La estrategia electoral, entonces, deberá balancear dos narrativas centrales. Por un lado, la recuperación de la autoridad del Estado, que conecte con el anhelo de orden, de control territorial y de institucionalidad. Por el otro, la reivindicación de la participación ciudadana como herramienta de transformación democrática. La fuerza estará en cómo se articulen estos dos discursos en un relato coherente, creíble y capaz de movilizar no sólo a los convencidos, sino a los apáticos, a los indecisos y a quienes han perdido la fe en el voto.

La comunicación política tendrá, además, el reto de competir en un escenario marcado por la polarización. En las redes sociales, donde cada palabra se multiplica y se distorsiona, el control de la narrativa será decisivo.
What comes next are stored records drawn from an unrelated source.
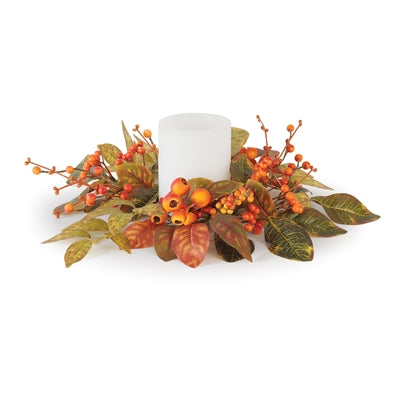 Mixed Berry Candle Ring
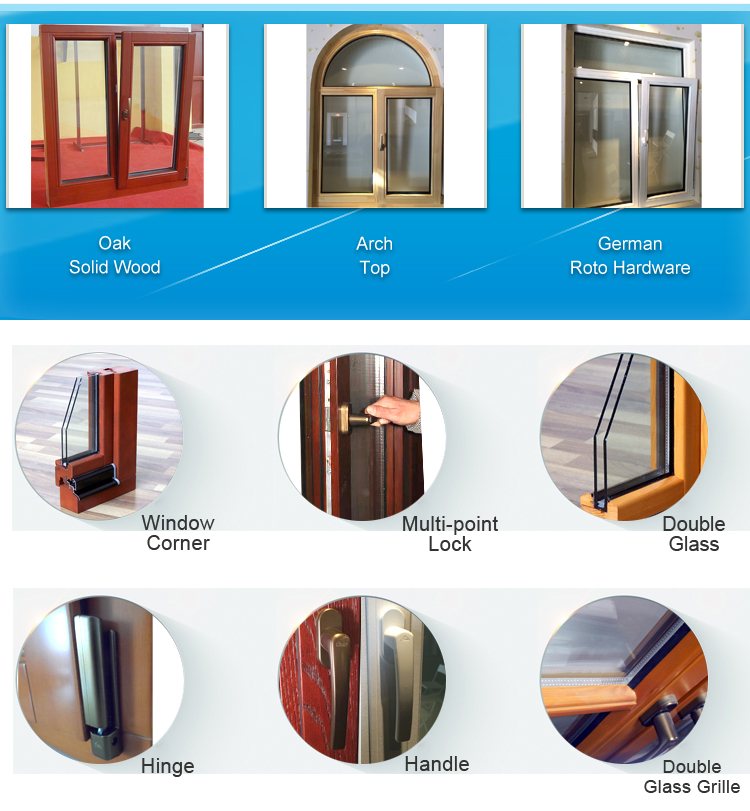 KDSBuilding Good Quality Best Price Beautiful Tilt And Turn Wooden Window Home Decor Old Wooden Window Frames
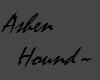 Ashen Hound Cuffed Ears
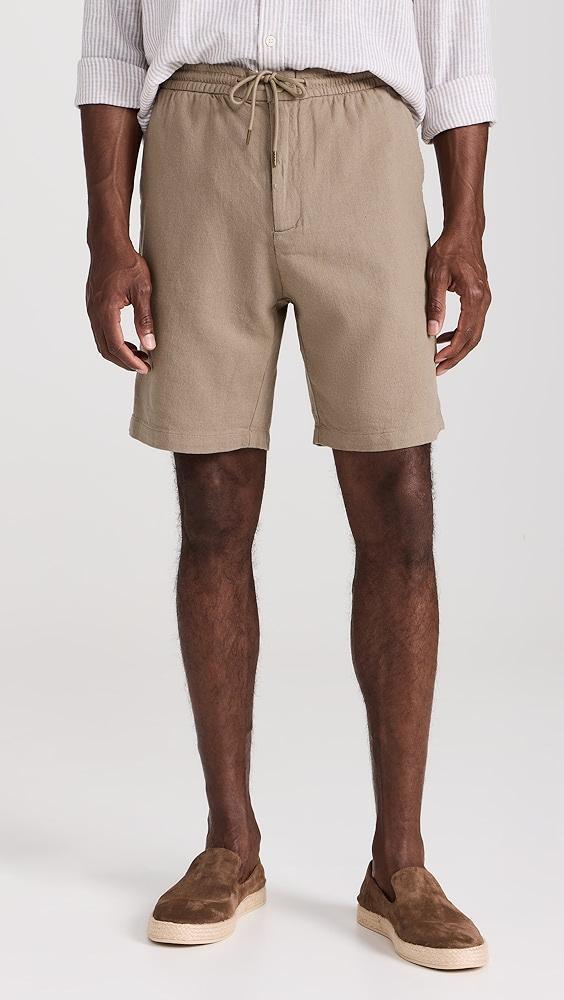 RAILS Archer Drawstring Shorts 8.25" | Shopbop Product Image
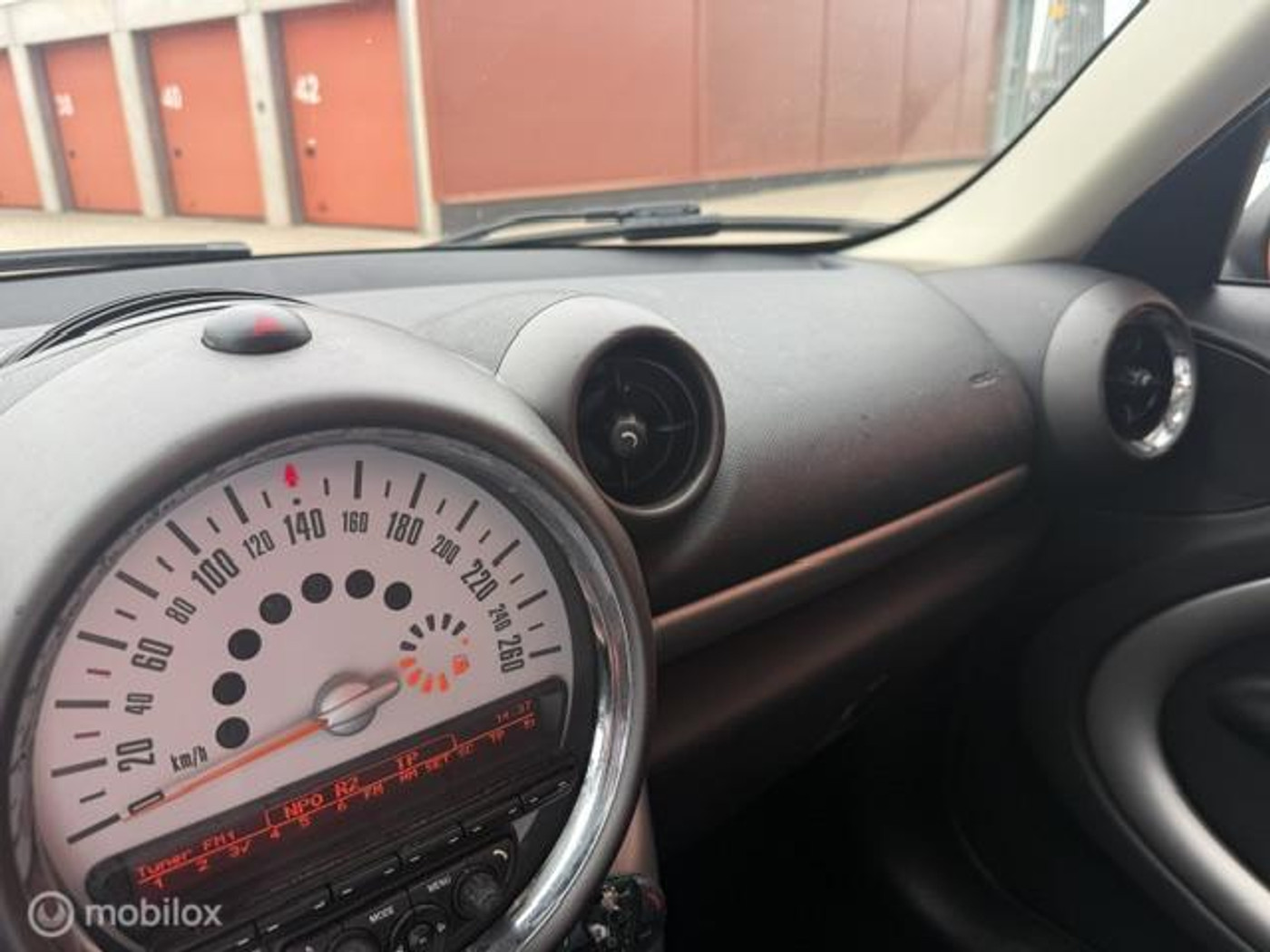 Foto van Mini Cooper Countryman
Los candidatos deberán estar preparados para enfrentar campañas de desinformación, ataques digitales y narrativas emocionales que apelan al miedo o al odio. En este terreno, la rapidez en la respuesta y la capacidad de mantener un mensaje claro y disciplinado serán esenciales para no quedar atrapados en la dinámica del adversario.

Colombia, en suma, está frente a una encrucijada histórica. Las elecciones de 2026 decidirán no sólo un nuevo gobierno, sino el futuro mismo de la democracia. Si las mayorías logran movilizarse, si el Estado recupera autoridad y si la ciudadanía vota en libertad, el país podrá iniciar un tránsito hacia una democracia más sólida, más participativa y real. Pero si prevalecen la abstención, el miedo y la presión armada, el riesgo es que la democracia se termine de perder, no como un concepto abstracto, sino como una práctica concreta en la vida de millones de colombianos.

La democracia en Colombia ya no está solamente amenazada. Está cercada. Y de la estrategia, la comunicación política y, sobre todo, la decisión ciudadana dependerá si logra sobrevivir al 2026.